ASSIGNMENT.
All lines below starting at the one that holds "Плоский эпителий мезотелий" and ending at the one that holds "おはなと動物のあん(餡)ケーキ 季節限定BOX [sf002-382]" should be printed exactly, ends included. Pictures should not be printed, nor anything else.

RECORDED DATA.

※

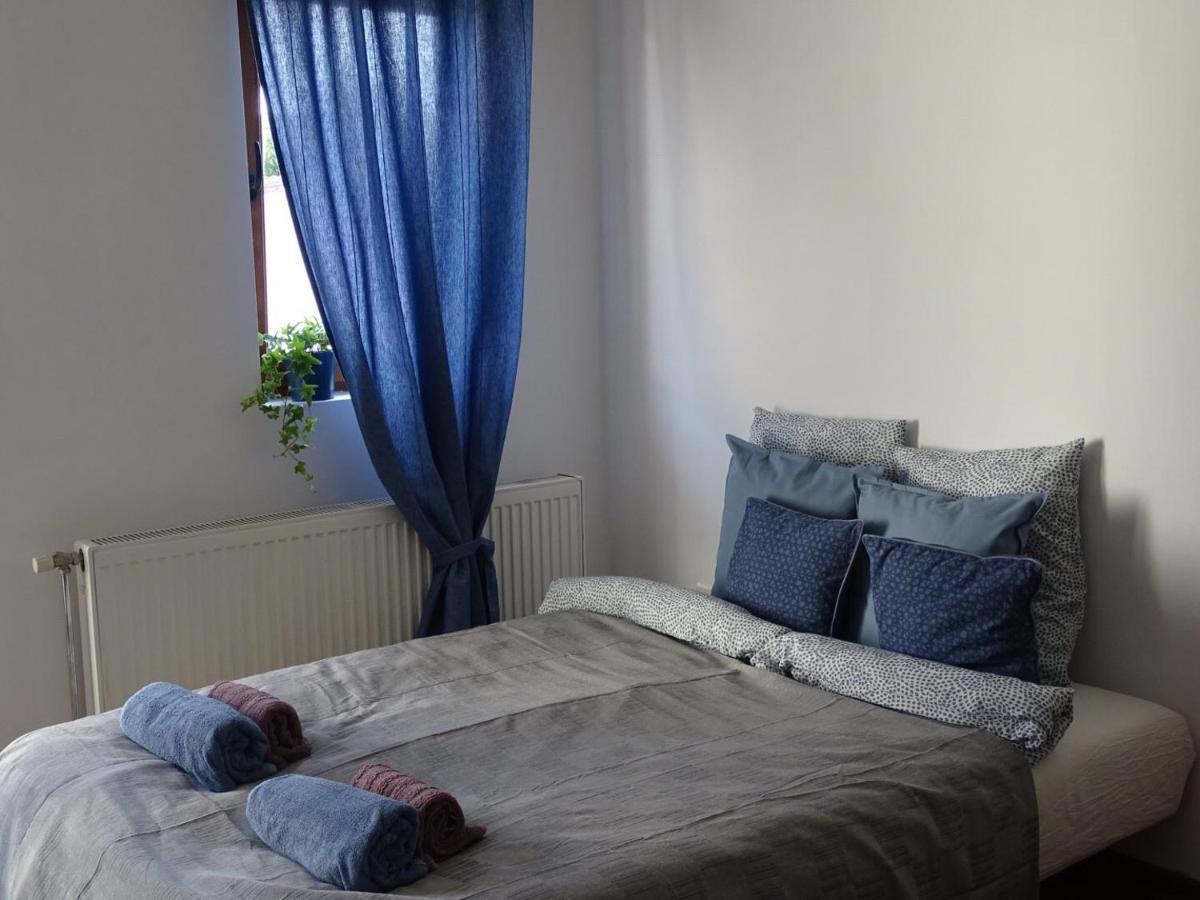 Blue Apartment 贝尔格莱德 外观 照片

※

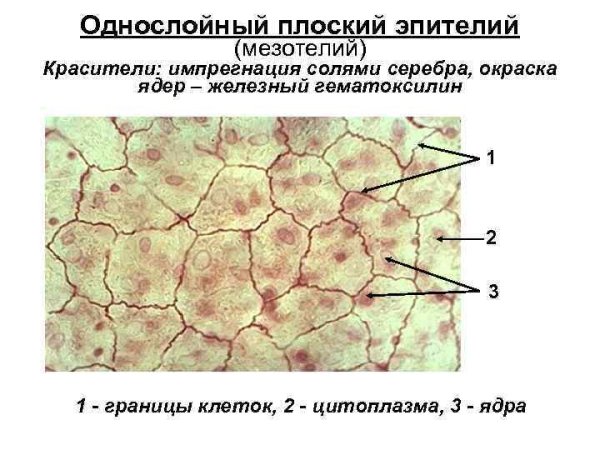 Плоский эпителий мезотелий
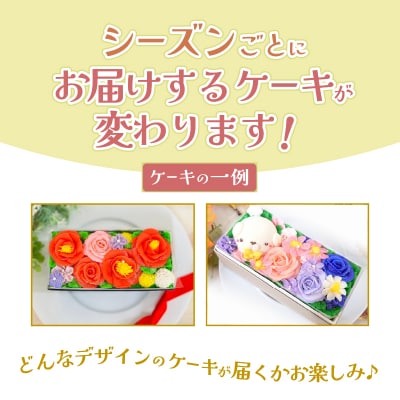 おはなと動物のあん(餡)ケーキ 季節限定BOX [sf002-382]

※

EXPECTED ANSWER.
 Плоский эпителий мезотелий
 おはなと動物のあん(餡)ケーキ 季節限定BOX [sf002-382]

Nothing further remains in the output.